Would you print only the lines running from the one with "Czapka delikatnie dziana FINE AKRYL ORANŻOWA" to the final line of the data below, word for word and without pictures?

(Beginning of Source data)

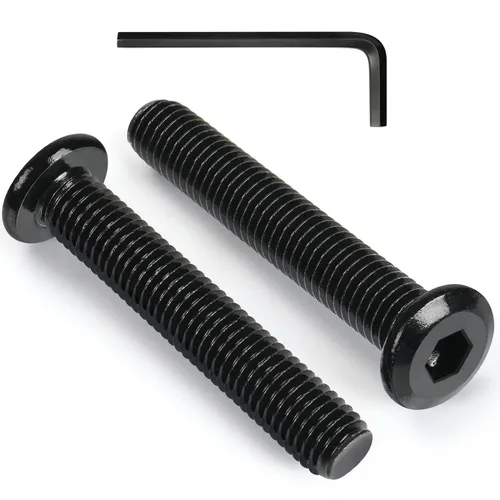 Miniatura 7 de VGBUY M6-1 x 80 mm 18 piezas de tornillos de cabeza plana con casquillo hexagonal métrico M6, acero inoxidable 304 18-8, niquelado negro, rosca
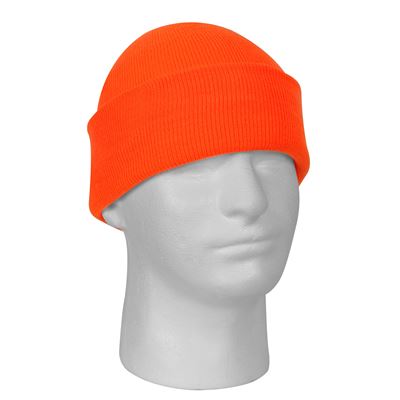 Czapka delikatnie dziana FINE AKRYL ORANŻOWA
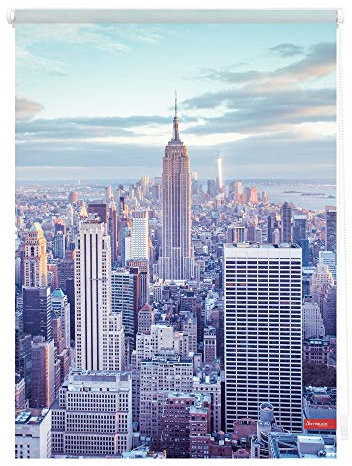 Lichtblick Klemmfix Tageslicht-Rollo mit Motiv, ohne Bohren, Blickdicht, Seitenzugrollo, Made in Germany, New York - Blau 80 x 150 cm (B x L)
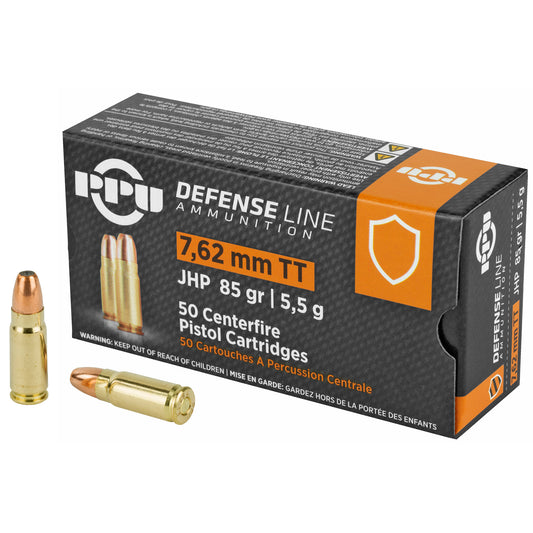 Prvi Partizan PPU 7.62x25 Tokarev Handgun Defense Hollow Point Ammunition - 85 Grain, 50 Rounds per Box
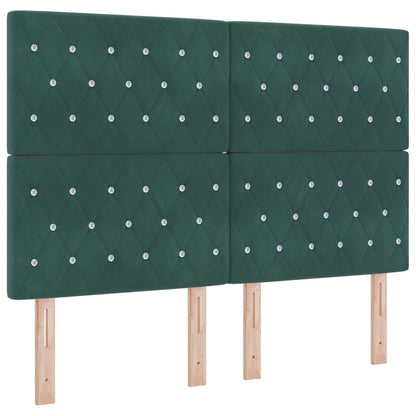 Ottoman bed met matras Donkergroen 140 x 190 cm Fluweel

(End of Source data)

Exercise output ▸
 Czapka delikatnie dziana FINE AKRYL ORANŻOWA
 Lichtblick Klemmfix Tageslicht-Rollo mit Motiv, ohne Bohren, Blickdicht, Seitenzugrollo, Made in Germany, New York - Blau 80 x 150 cm (B x L)
 Prvi Partizan PPU 7.62x25 Tokarev Handgun Defense Hollow Point Ammunition - 85 Grain, 50 Rounds per Box
 Ottoman bed met matras Donkergroen 140 x 190 cm Fluweel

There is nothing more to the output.